Try it: Please transcribe the data that follows without the pictures, keeping every word the same.

Dataset excerpt:
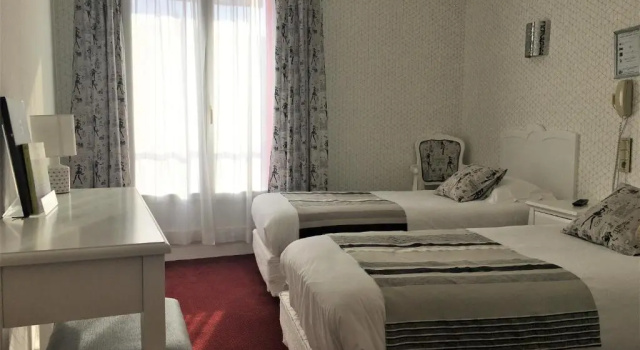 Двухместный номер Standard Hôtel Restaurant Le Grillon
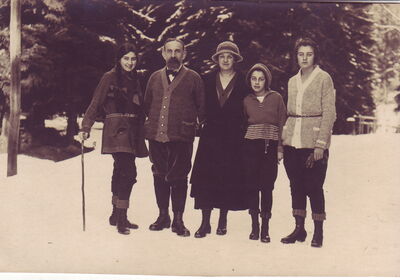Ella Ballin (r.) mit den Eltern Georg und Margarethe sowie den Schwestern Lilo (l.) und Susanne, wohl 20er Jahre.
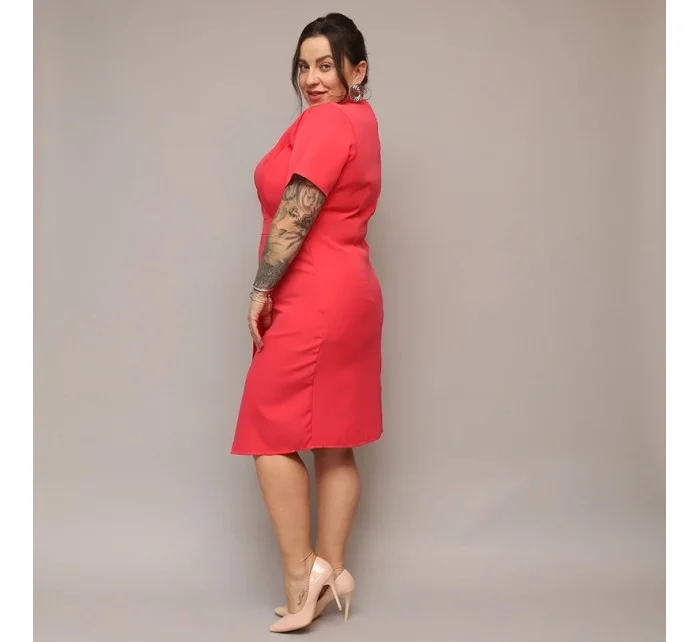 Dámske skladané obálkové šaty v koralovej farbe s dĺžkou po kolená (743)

Answer section:
 Двухместный номер Standard Hôtel Restaurant Le Grillon
Ella Ballin (r.) mit den Eltern Georg und Margarethe sowie den Schwestern Lilo (l.) und Susanne, wohl 20er Jahre.
 Dámske skladané obálkové šaty v koralovej farbe s dĺžkou po kolená (743)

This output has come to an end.